An interview with Clare Baumhauer: Vulval Cancer UK Awareness

Doing the job I do, I get to meet many women, all with a story to tell. 

I met this lady and was blown away by her bravery, determination, motivation, drive and selflessness. Clare Baumhauer is an exceptional woman, despite her own Lichen sclerosus/vulval cancer (LS/VC) journey, she has selflessly set up Vulval Cancer UK Awareness. She is a strong, empowering role model for many women. Clare has consented to share her story to help all women, in the hope that they can get the right diagnosis, at the right time. 

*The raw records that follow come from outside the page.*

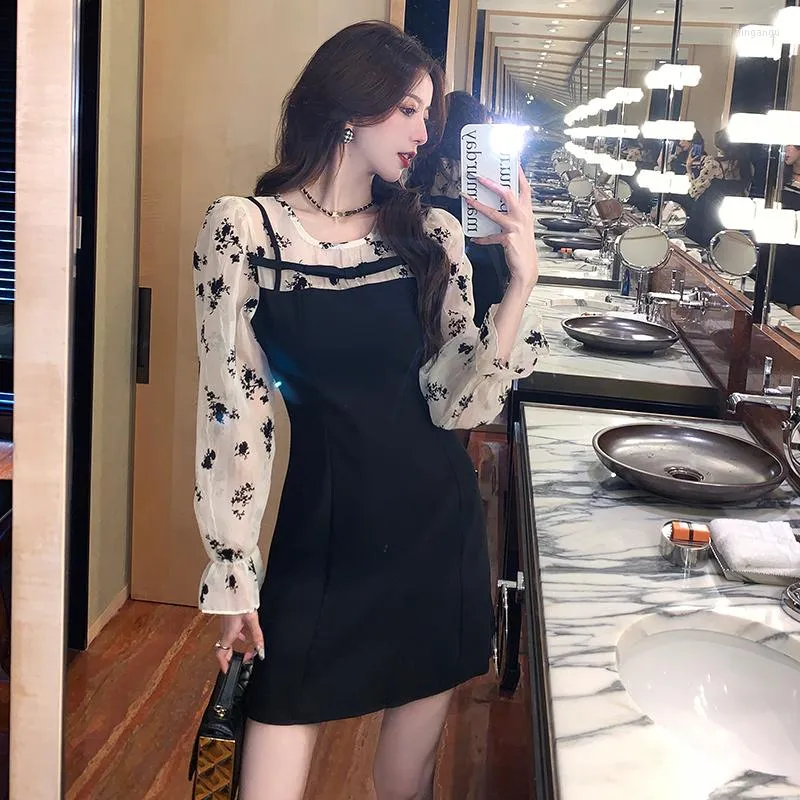 Casual Dresses Restore Ancient Ways Of Fund 2023 Autumn Gauze Sleeve Splicing Floral False Little Black Two Pieces A Word Dress
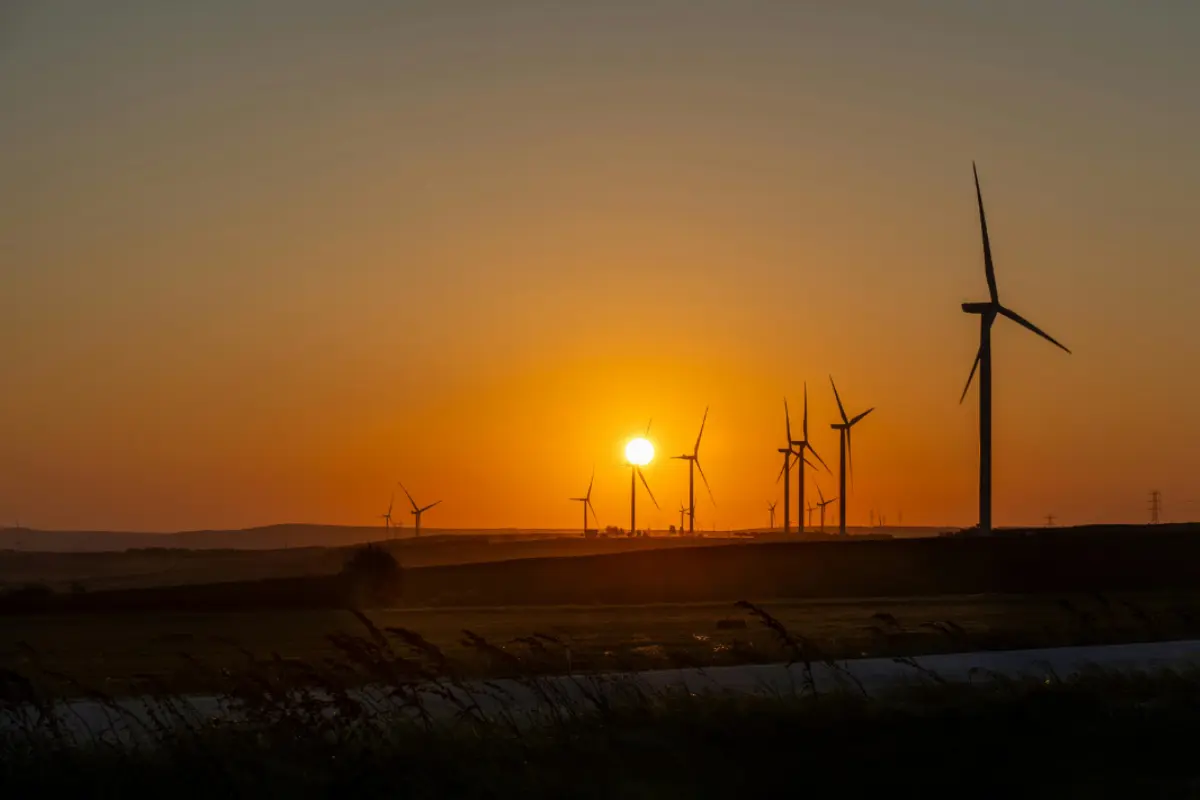 Dentro de esta transacción destacan dos parques eólicos ubicados en Reynosa, Tamaulipas, uno de los principales polos de generación eólica en América Latina. Foto: Freepik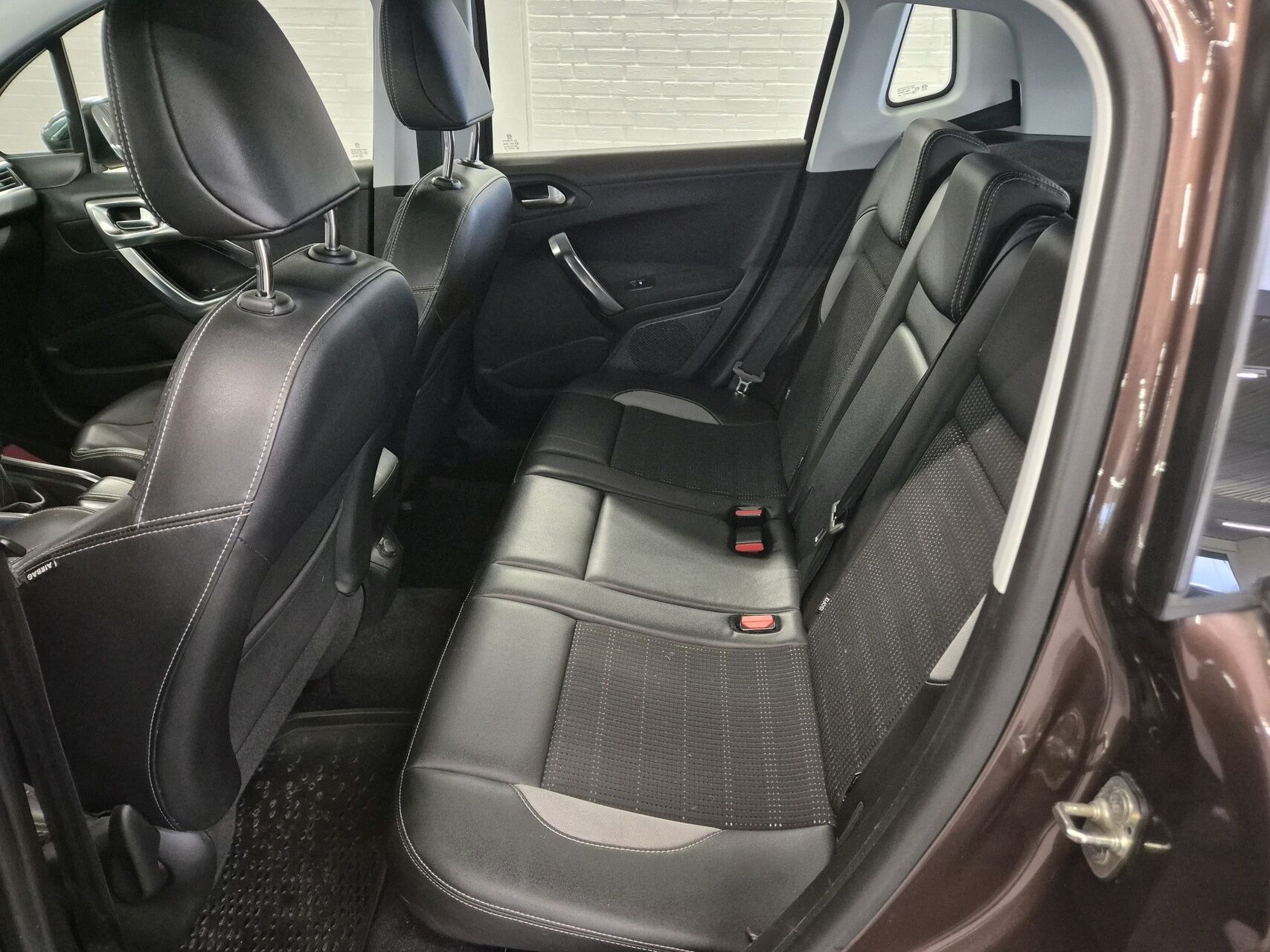 Billede af Peugeot 2008 1,2 VTi Allure 82HK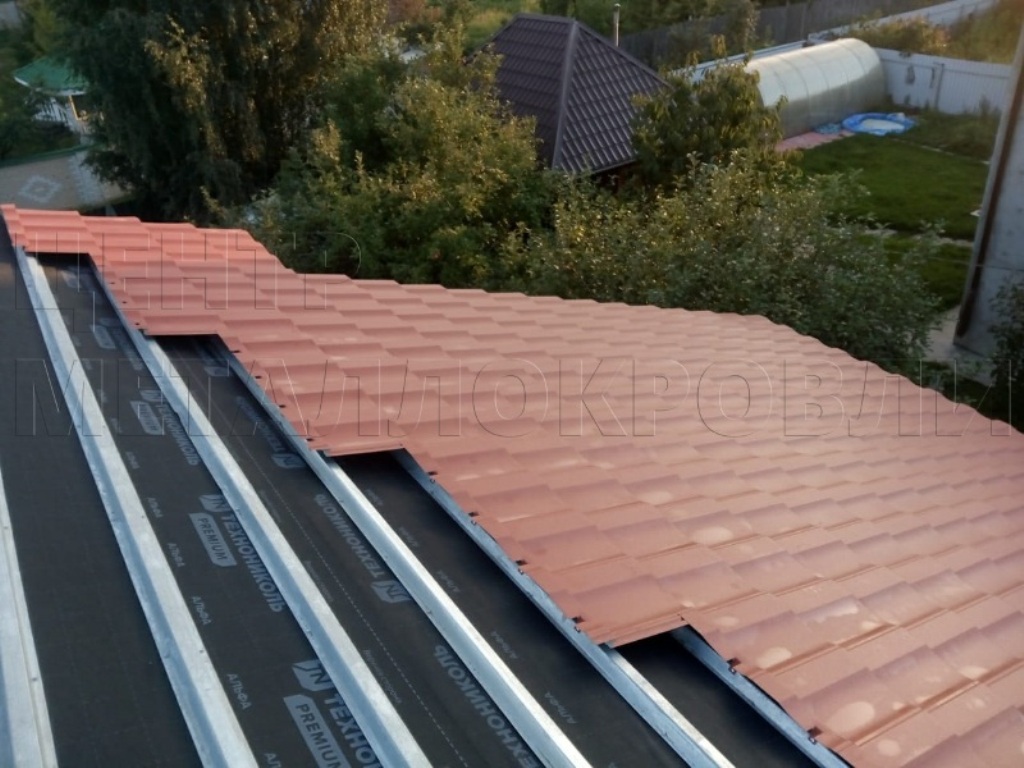 Металлочерепица Геркулес 8004 терракотовый Стальной Бархат от Центра Металлокровли в Нижнем Новгороде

Clare, can you please tell me about your awareness group? 

I started my Vulval Cancer UK Awareness (VC) support group first and later joined a Lichen Sclerosus (LS) group and met Emma Norman, who runs the LS group. I was already raising awareness on my Instagram and Twitter, but we joined together and started the Facebook page – Lichen Sclerosus/Vulval Cancer UK Awareness and website 2 years ago. We also started our #knowyourvulva yearly campaigns to further raise awareness. 

How did you become aware of VC/LS?

The first time I heard about VC was when the GP said I could have VC after many years of being told I had thrush. Looking back to being a child of about 5, I had vulval itching and was told I had cystitis even though the GP didn’t examine me. My symptoms came and went over the years, but I still went to see many GP’s in my 20’s and 30’s multiple times but was told I had thrush every time. Then finally a GP did a swab which came back clear; so a blood test was taken and this didn’t show up anything untoward. So, I was told it was probably early menopause symptoms and sent on my way with no support, advice or anything. I had regular smear tests, this was when I had white patches on the vulva and a tear and nothing was mentioned by the health professionals.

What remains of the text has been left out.